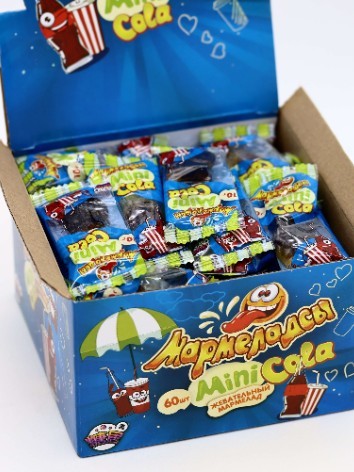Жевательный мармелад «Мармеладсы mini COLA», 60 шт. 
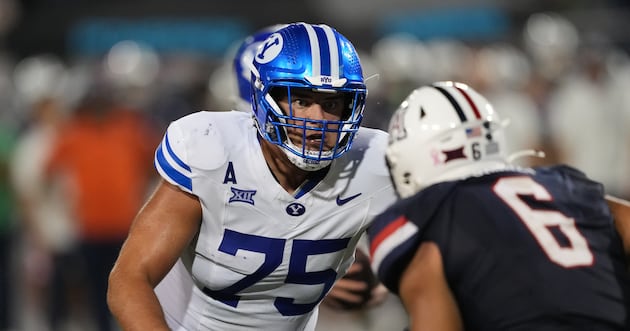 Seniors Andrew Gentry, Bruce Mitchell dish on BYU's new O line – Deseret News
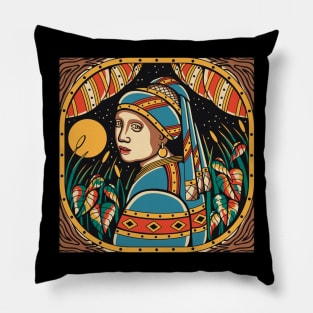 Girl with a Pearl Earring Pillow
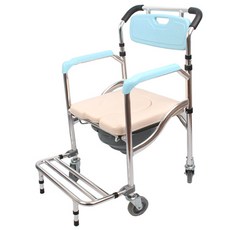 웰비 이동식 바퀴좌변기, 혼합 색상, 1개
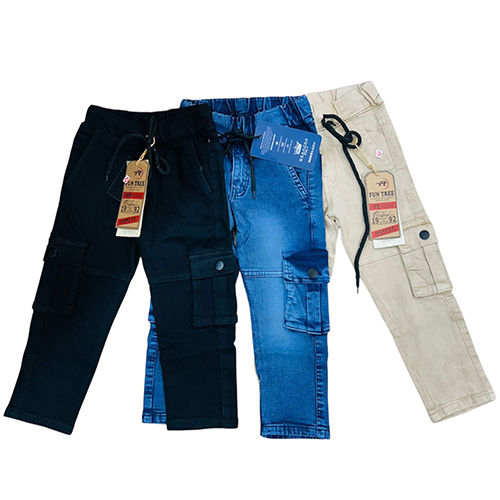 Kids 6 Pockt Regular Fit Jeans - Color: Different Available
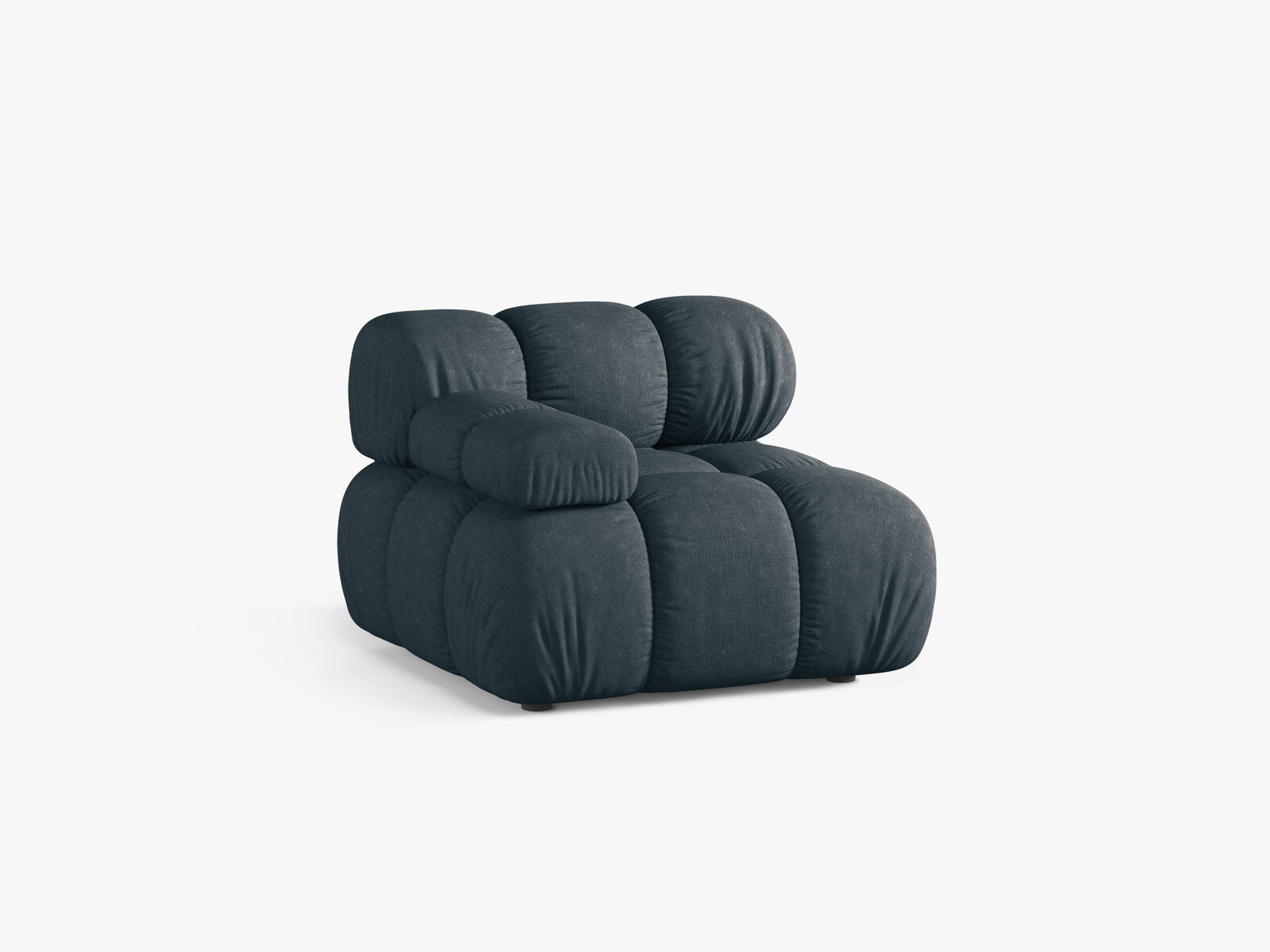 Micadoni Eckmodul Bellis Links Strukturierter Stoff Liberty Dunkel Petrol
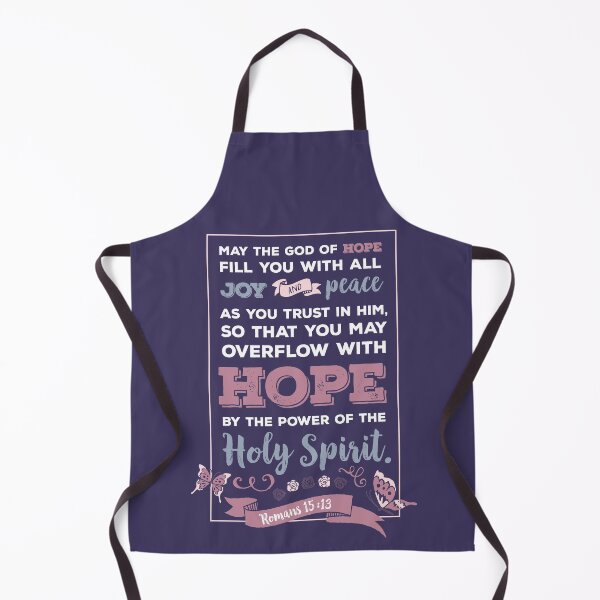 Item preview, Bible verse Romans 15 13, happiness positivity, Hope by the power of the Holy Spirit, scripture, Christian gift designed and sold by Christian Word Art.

» **Work instruction**
Every record above should be transcribed exactly; the pictures stay out of the copy.

» **Written answer**
Жевательный мармелад «Мармеладсы mini COLA», 60 шт. 
 Seniors Andrew Gentry, Bruce Mitchell dish on BYU's new O line – Deseret News
 Girl with a Pearl Earring Pillow
 웰비 이동식 바퀴좌변기, 혼합 색상, 1개
 Kids 6 Pockt Regular Fit Jeans - Color: Different Available
 Micadoni Eckmodul Bellis Links Strukturierter Stoff Liberty Dunkel Petrol
 Item preview, Bible verse Romans 15 13, happiness positivity, Hope by the power of the Holy Spirit, scripture, Christian gift designed and sold by Christian Word Art.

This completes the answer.